Tuesday, June 19, 2012

Nuclear Assault - Survive (1988)

One minor detail that always struck me about the Nuclear Assault sophomore was the imperative tense of the title. This isn't 'survival', or 'surviving'. No, the band is telling YOU to survive, while a menacing Satanic skull leers at you from above a pair of toxic smokestacks. It all plays into how relevant the New Yorkers were to the 80s, that time of late Cold War paranoia, AIDS pandemic, waste dumping and ozone depletion circa 'glamor'. Like Jimmy and Billy Lee fist fighting through the fictional streets of Double Dragon, so too do the Nukes, ramping up the level of hostility showcased on their earlier EPs and issuing what might prove to be the very pinnacle of urban East Coast riot-thrash to its day, an excellent soundtrack for curb-stomping post-apocalyptic mutants or just flossing out the cerebral nodes of all the bullshit that surrounds you on a daily basis.

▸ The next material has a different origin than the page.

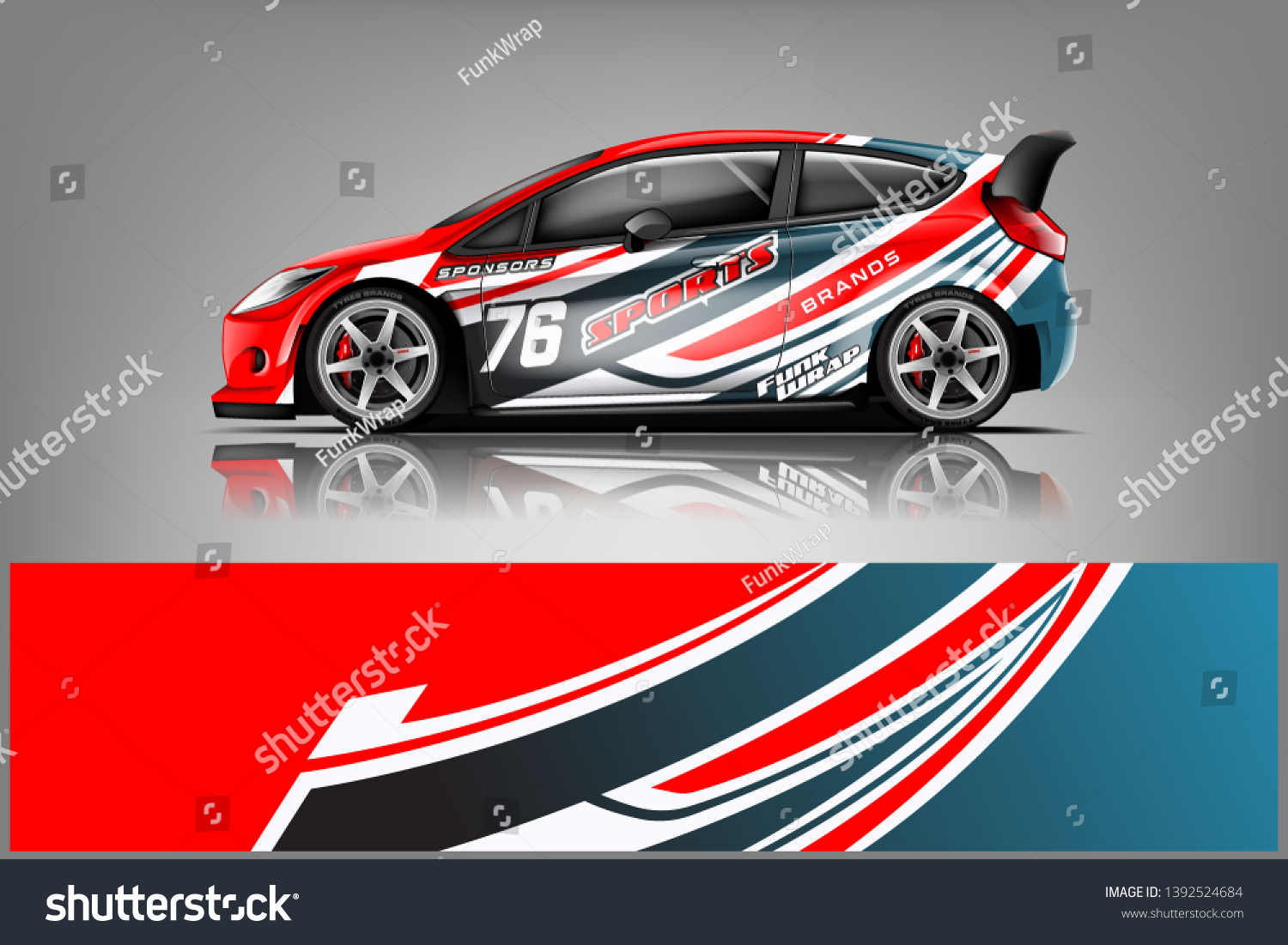 Car decal wrap design vector. Graphic abstract stripe racing background kit designs for vehicle, race car, rally, adventure and livery dekal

Tonally, Survive is not a massive evolutionary stride forward from the previous album. You're still getting those punk and hardcore motifs, they just seem to better bleed into the harder bite of the metallurgical ingredients they culled from their traditional/speed influences. The crisp springiness of the Game Over guitar tone has been supplanted by a more muscled aesthetic fit for abusing carcasses at a meat packing plant. I'd say that the production of this record was more 'professional', better balanced than the other area breakouts of this time without sacrificing any of its visceral potency. For example, State of Euphoria and Under the Influence had nothing on this in terms of sheer bludgeoning force quotient. That's not to say I preferred the sound here to the debut, but it certainly fits the bill for a band who were outwardly exploding into the market like this one. The vocals, bass and drums are all well managed in the mix, and there remains that substratum of urgency to Nuclear Assault's performance here which made you feel like the sky was dropping, that all hell had broken loose in the street outside your home, and that you'd break out that spiked bat or those brass knuckles and phase into survival mode.

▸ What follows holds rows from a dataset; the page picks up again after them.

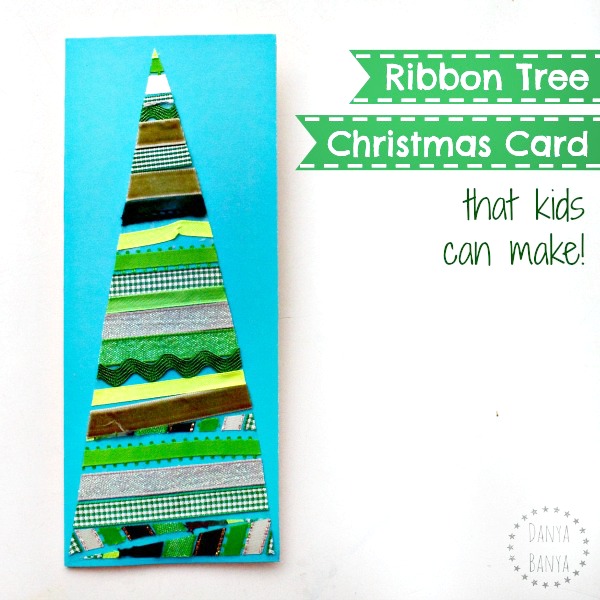 Ribbon Christmas tree card craft for kids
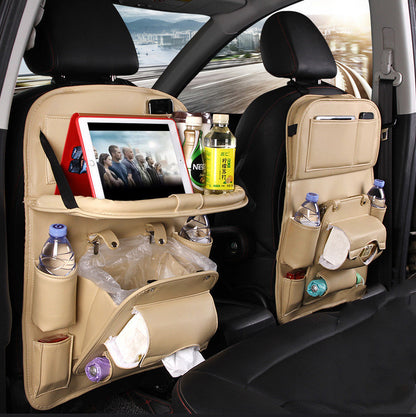 PU Leren Auto Organizer – Multifunctionele Waterdichte Stoelrug Organizer met Ophangbare Lade voor Auto-interieur - PrizQ
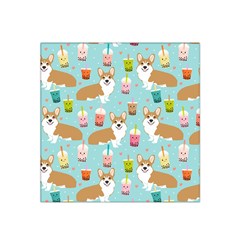 Welsh Corgis Dog Boba Tea Bubble Tea Cute Kawaii Satin Bandana Scarf 22  X 22  by Grandong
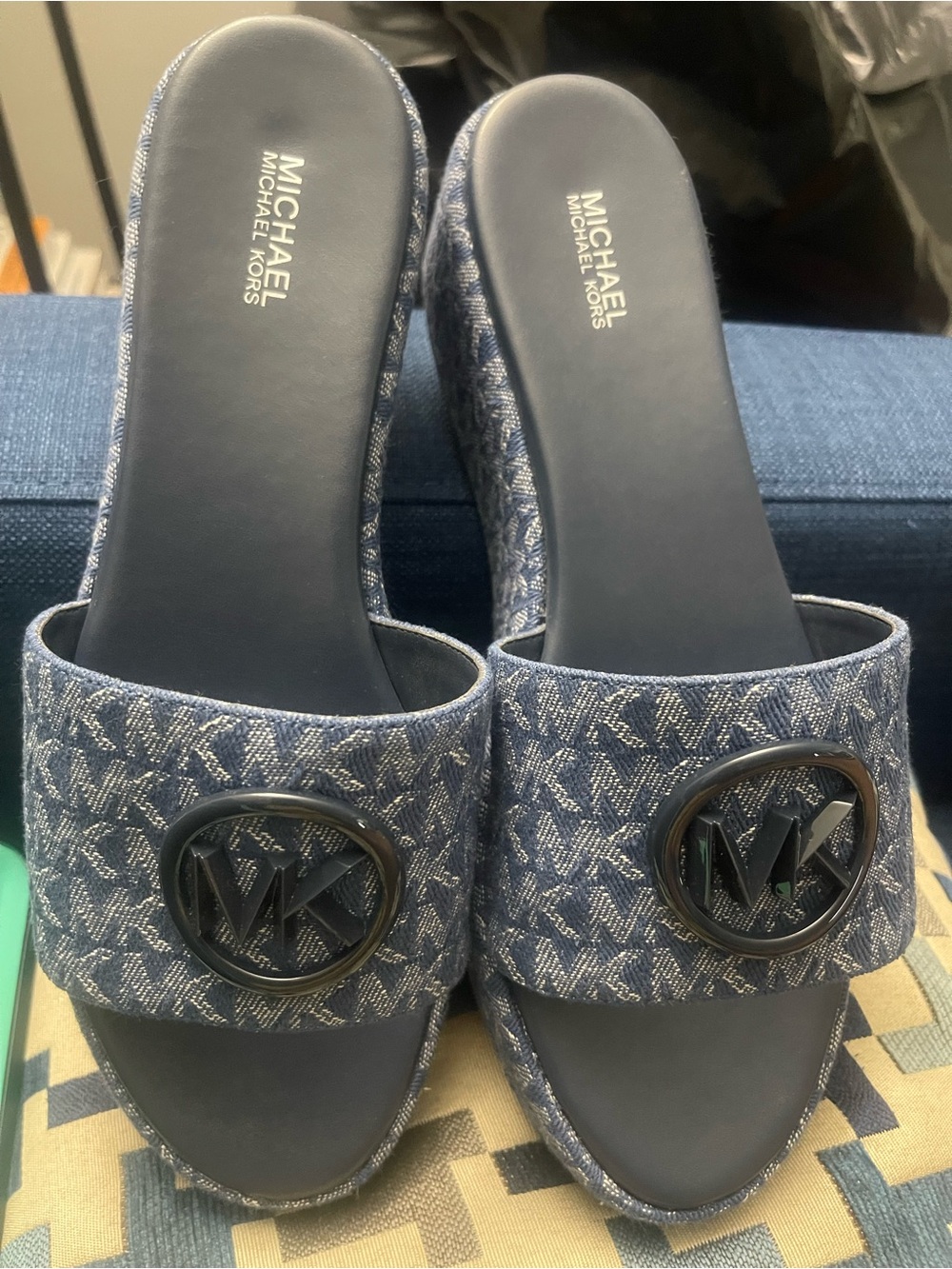 Michael Kors Blue Denim Platform Sandal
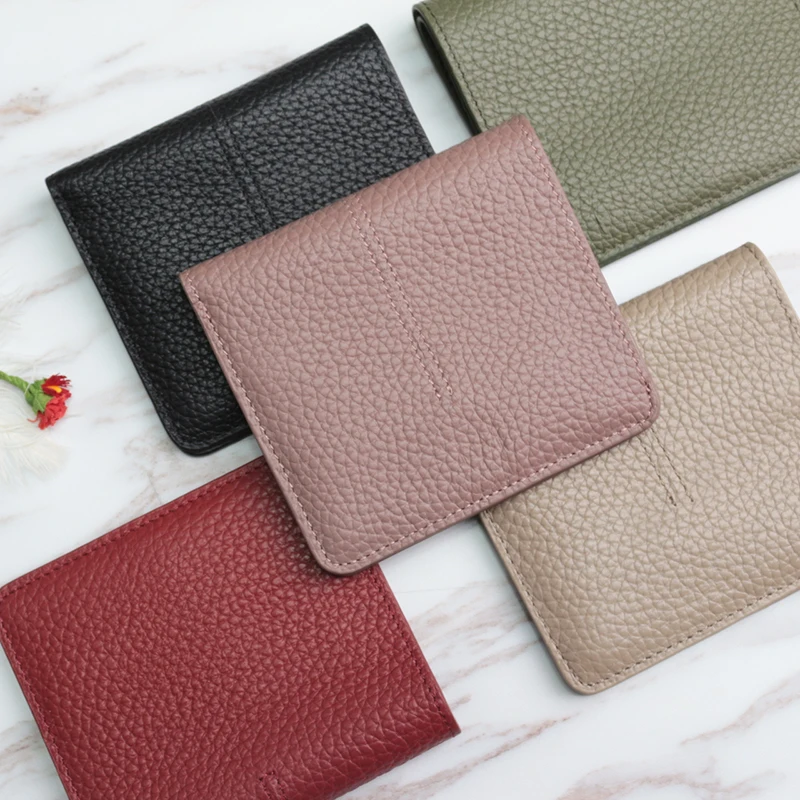 100% Genuine Cow Leather Slim Cardholder Smart Wallet Ladies Simple Cowhide Credit Card Holders Ultra Thin Wallet Women\'s Purse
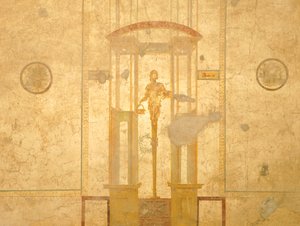 Freske som viser karyatid, fra House of Lovers, Pompeii, Campania, romersk sivilisasjon av Roman Roman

The bass playing is quite good. Not only do the lines bustle along with a kinetic, workmanlike utility similar to fellow New Yorkers Anthrax, but Dan Lilker loads in the fills and sufficiently anchors what many people today would probably consider a relatively simplistic palette of axe rhythms. Evans is mildly more forceful than on the debut, with some of his own refined fills heightening the intensity, and the guitars implement a lot of atmosphere to round out the crude, belligerent rhythms (like the melodies in the bridge of "Brainwashed"), a component they drew forward from their moodier pieces like "Brain Dead" or "The Plague". Connelly seems more emotive in his singing, though that might just come from the better lyrical configurations. These guys truly know how to get the pits worked up and the dead proteins whipping in their audience, and a huge part of that is the message behind what they're singing. Survive encourages intelligence and individuality to a fault with tracks like "Brainwashed" and "F#". This isn't poetry, and the lyrics and concept might seem rather plebeian to a modern audience, but in 1988 we needed all the ammunition we could to battle the hordes of  Bon Jovi and Poison drones, and Nuclear Assault provided us with an entire silo of rockets and rounds.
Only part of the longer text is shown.